Using Vitess in our CI/CD pipeline

Here at Vinted, we adhere to the continuous deployment principle, meaning that each merge to the main branch of the code repository initiates an automatic deployment process. As a result, the merged code goes live in a short period of time. Merge small and merge often are two practices that are instrumental to our day-to-day engineering work.

This approach mitigates friction when working on a shared code base, shortens the feedback loop, and reduces the anxiety of breaking the production environment with a gigantic change. But for it to actually work, one must have very good code test coverage, deployment automation tools with solid safeguards in place, a reliable observability stack to catch problems in the deployed products, battle-tested rollback, recovery procedures, and much more.

In this post I’ll touch on the testing phase. Specifically, I’m going to explain how we make use of the Vitess database to run backend tests of our core application.

I assume that you’re already somewhat familiar with Ruby on Rails, RSpec, Vitess, and Kubernetes. If not, then I would suggest spending some time getting acquainted with them first, as I’ll jump right into some details about them below.

Tests - then and now

Vinted Marketplace is one of the biggest and most important products created in Vinted. Under the hood of this online platform there’s a Ruby on Rails application called core. It was the very first Vinted application that was migrated from ProxySQL to Vitess. Here’s a series of posts by my colleague Vilius on our journey to Vitess that you should definitely check out: Vinted Vitess Voyage: Chapter 1 - Autumn is coming.

At the time of writing this post, core has more than 30 keyspaces (logical databases), with critical ones horizontally sharded or in the process of sharding.

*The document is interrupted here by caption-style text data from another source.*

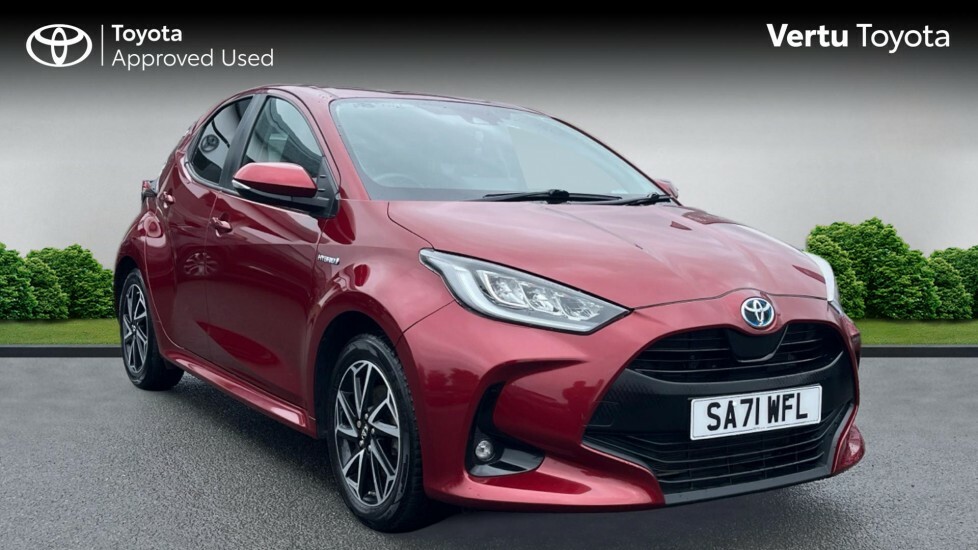 Toyota Yaris Design Red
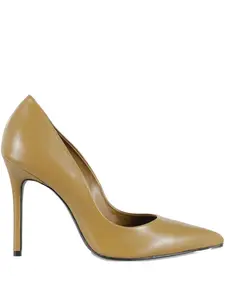 Туфли-лодочки с заостренным носком на каблуке 105 мм Schutz, зеленый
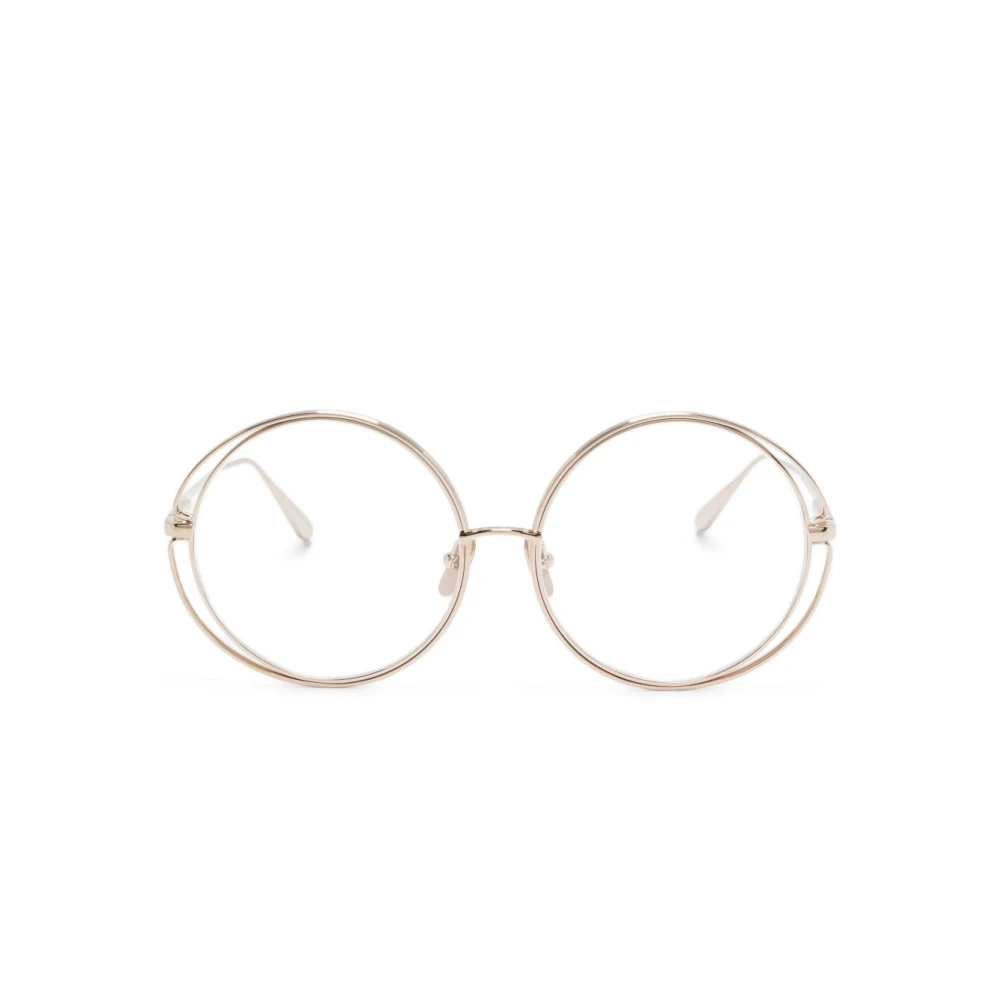 Linda Farrow Lfl1456 C4Opt Optical Frame Yellow Dames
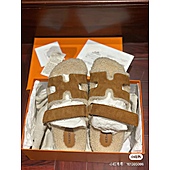 US$88.00 HERMES Shoes for HERMES slippers for women #602223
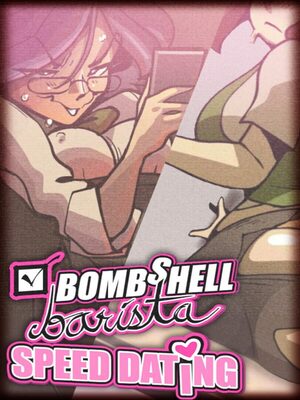 Cover for Bombshell Barista: Speed Dating.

VTGates serve 1.3 mln. queries per second during peak hours, and data size is around 15 TB.

As described in the introduction, core is deployed continuously, with around 150 pull request builds and 50 main branch builds (that eventually end up with code release to production) per average working day. During each build, backend tests are executed by running 30,000 RSpec examples. It’s worth mentioning that the database is usually not mocked out, therefore tests execute actual SQL queries on a running MySQL server.

Our CI/CD pipeline is driven by the good old Jenkins with a fleet of agent nodes. For a very long time, specs used a MySQL server running directly on the agent server. This made setup super easy, and prevented additional latency and possible transient failures due to the network layer. The sheer number of examples that needed to be run meant that we started using the parallel_tests Gem a long time ago. With around 10 parallel runners, we were able to keep the duration of the backend tests stage under 15 minutes, which we considered acceptable.

Once we started migrating core from ProxySQL to Vitess, we had to decide what to do with the tests. Essentially, the question was if we trusted Vitess’ claim of MySQL compatibility to keep running tests on plain MySQL. In the end, we did. Our experience confirmed that it was the right choice. Granted, we had some nasty Vitess-related surprises, but these were usually caused by various configuration issues, and not an unexpected (untested) database query behaviour.

Then came the moment when we started preparing for the first horizontal sharding. Now this was going to be a bit more challenging. Vitess horizontal sharding has no direct analogue in plain MySQL, and it introduces a number of new limitations. For example, such an innocent looking call as User.first would fail if the underlying users table was sharded. Keep in mind that this was way before the query_constraints feature was introduced in Rails.

We decided that we needed to be able to run tests on Vitess. It was helpful that we were only going to horizontally shard a single table. The potential impact of releasing an unsupported or incorrectly working query to production was quite limited. That’s why we picked the middle road - to only run a limited subset of specs on Vitess in parallel to running all of them on plain MySQL as before. We were well aware that this was risky, error prone, and would not scale in the future. But kicking the can down the road is a legitimate tactical decision in certain cases. It allowed us to concentrate on more important tasks at the time, while reducing the risk to an acceptable level.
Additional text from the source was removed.